:: DATA EXTRACT
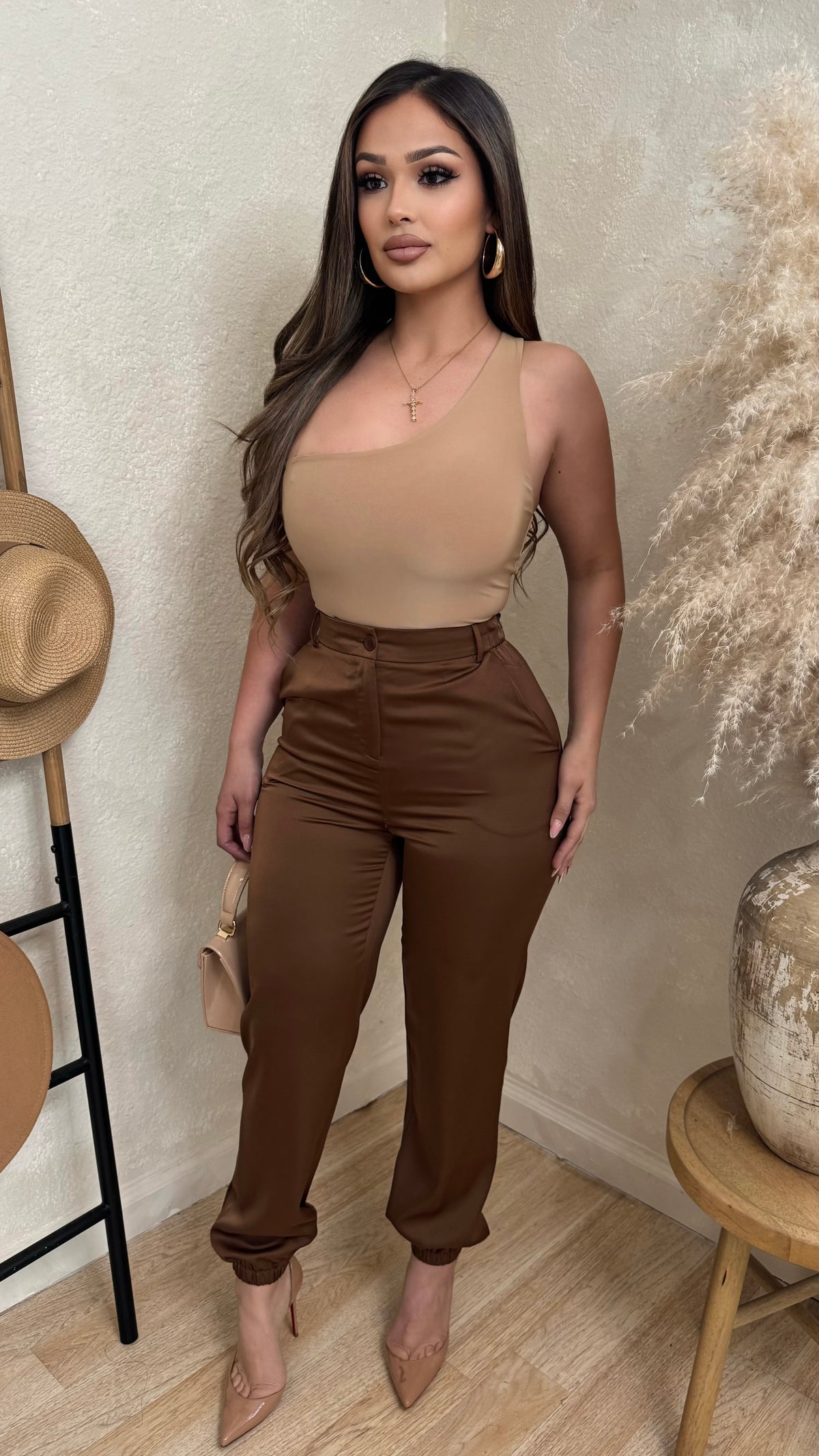 Sleek Glam High Rise Trousers (Dk. Brown)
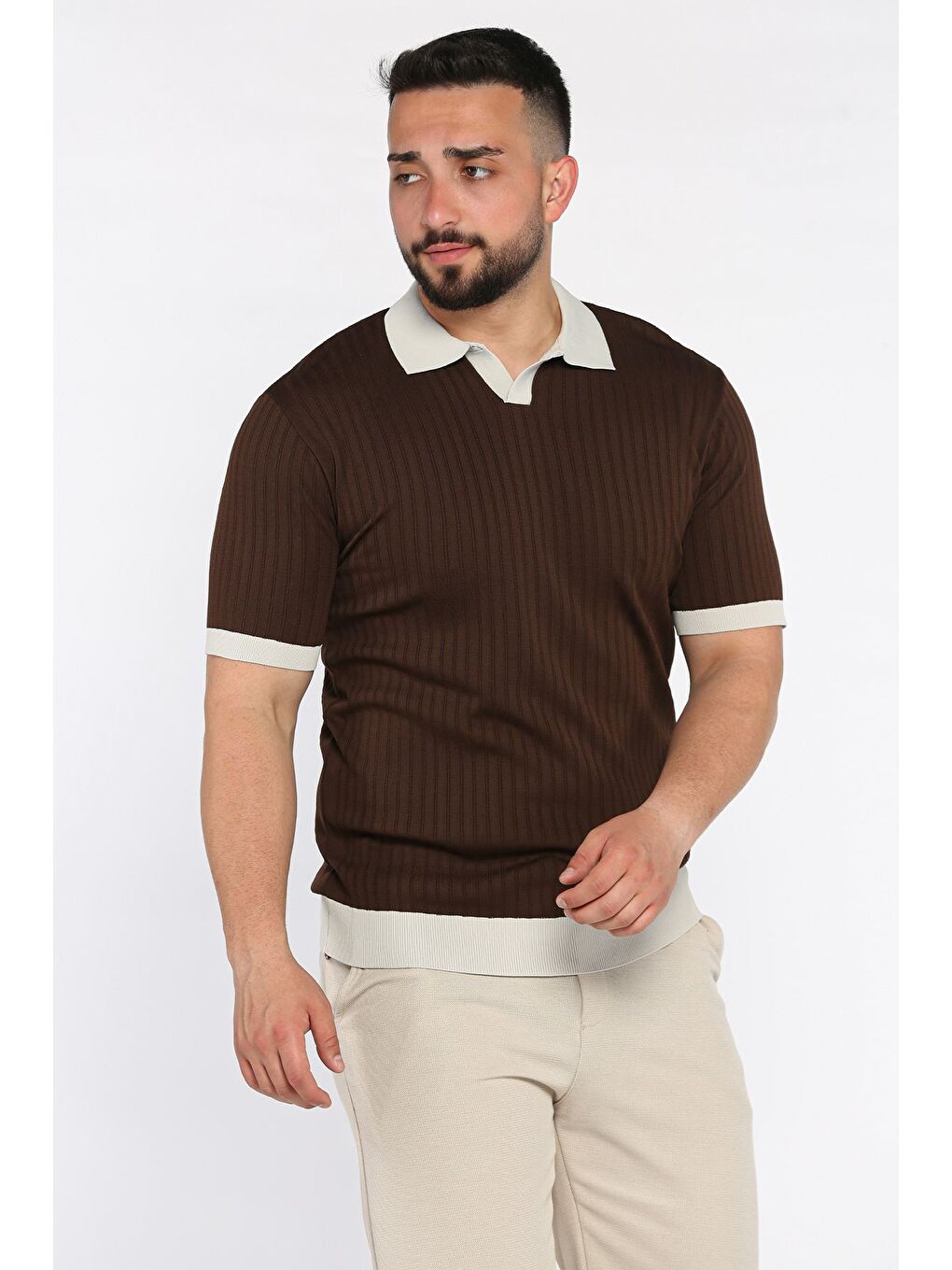 Kahverengi Polo Yaka Çizgi Desenli Erkek Triko Tişört-1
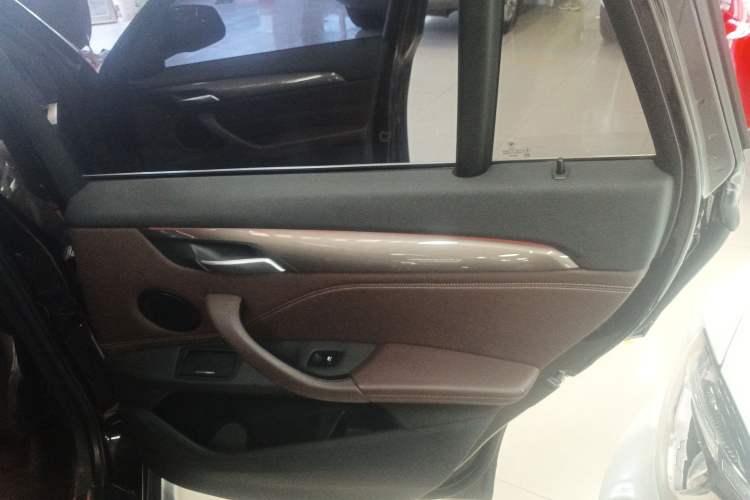 Used BMW X1 2018 sDrive18Li Luxury Model
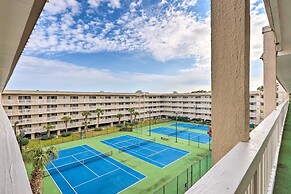 Pools + Sundeck: Beachfront Hilton Head Condo!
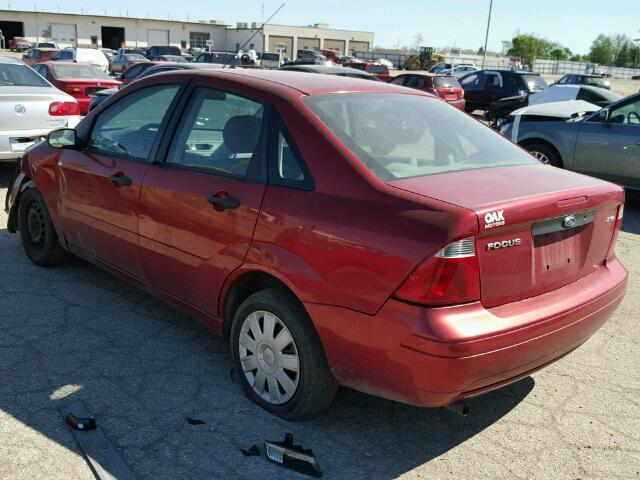 1FAFP34N15W204331 - 2005 FORD FOCUS ZX4 RED photo 3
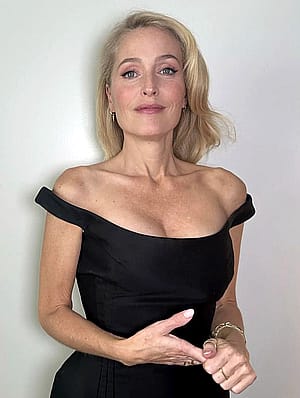 Gillian Anderson, 57'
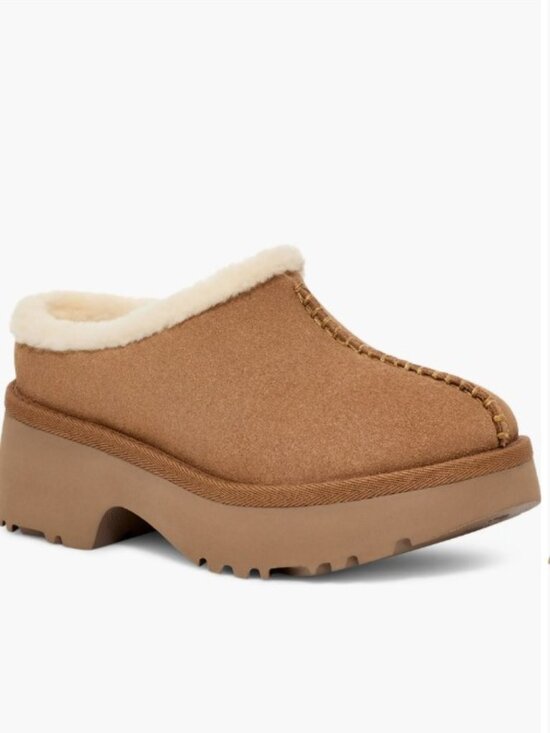 UGG Shoes - UGG New Heights Cozy Clog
::::
WHAT IS BEING ASKED :: Restating the data word for word is the task, and pictures are to be omitted.

TASK RESULT ::
 Sleek Glam High Rise Trousers (Dk. Brown)
 Kahverengi Polo Yaka Çizgi Desenli Erkek Triko Tişört-1
 Used BMW X1 2018 sDrive18Li Luxury Model
 Pools + Sundeck: Beachfront Hilton Head Condo!
 1FAFP34N15W204331 - 2005 FORD FOCUS ZX4 RED photo 3
 Gillian Anderson, 57'
 UGG Shoes - UGG New Heights Cozy Clog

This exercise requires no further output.